WHAT YOU WILL DO → Print the listing below exactly, minus its pictures.

INFORMATION SHOWN →
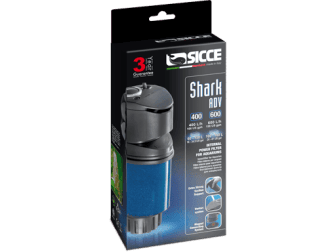FILTER SHARK ADV 400 1,5m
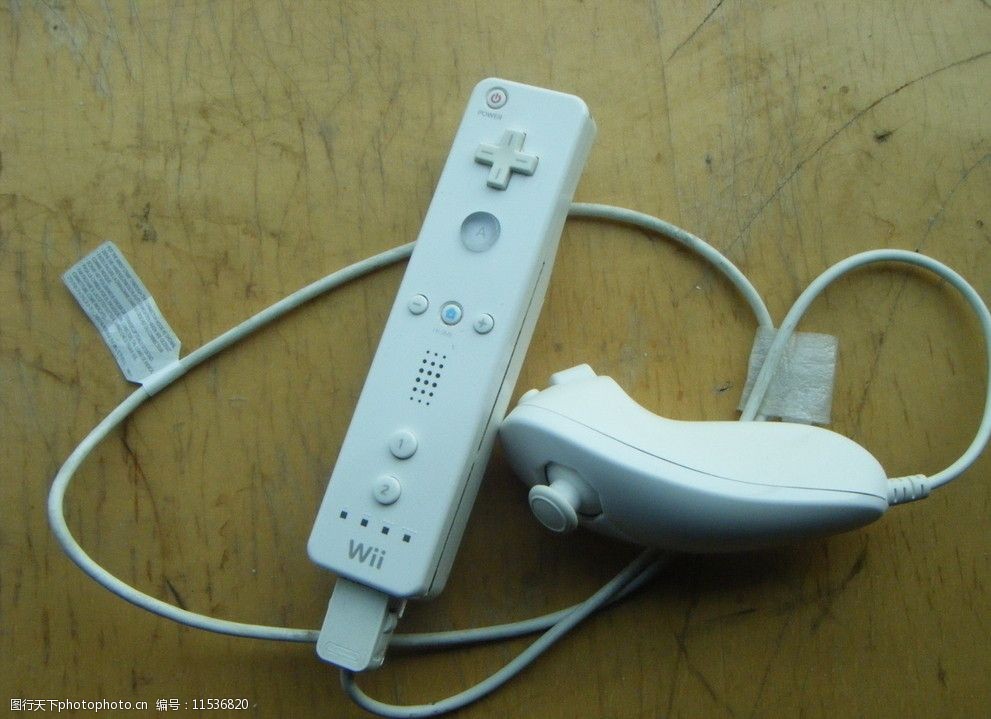 關鍵詞:遊戲機手柄 次時代 wii 體感操作 控制器 電腦網絡 生活百科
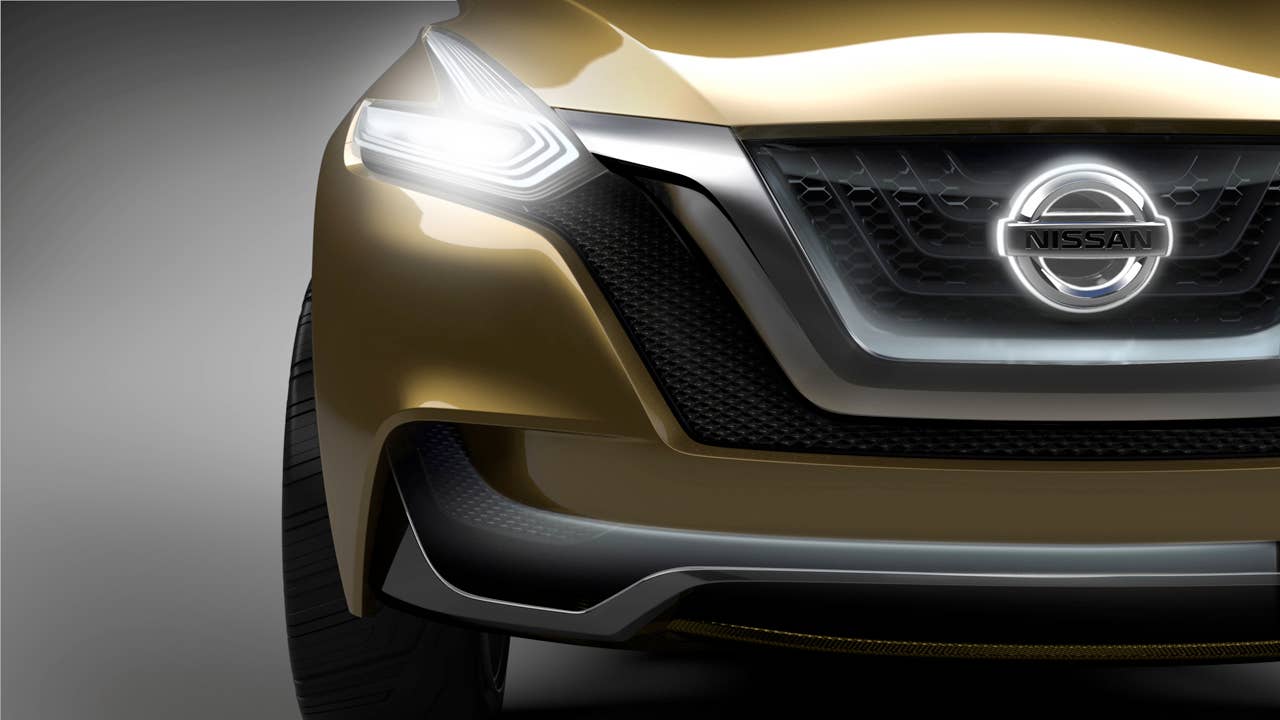 With its boldly futuristic aerodynamic styling and fuel-efficient hybrid-electric powertrain, the Nissan Resonance concept proposes an all-new dynamic and edgy design that once again leads the trend for the crossover category.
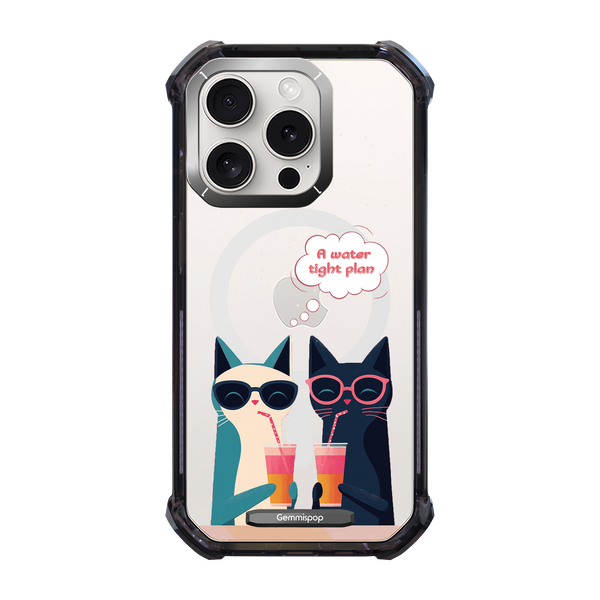 I.C YinYang × Meowgnetism 15pro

ANSWER →
FILTER SHARK ADV 400 1,5m
 關鍵詞:遊戲機手柄 次時代 wii 體感操作 控制器 電腦網絡 生活百科
 With its boldly futuristic aerodynamic styling and fuel-efficient hybrid-electric powertrain, the Nissan Resonance concept proposes an all-new dynamic and edgy design that once again leads the trend for the crossover category.
 I.C YinYang × Meowgnetism 15pro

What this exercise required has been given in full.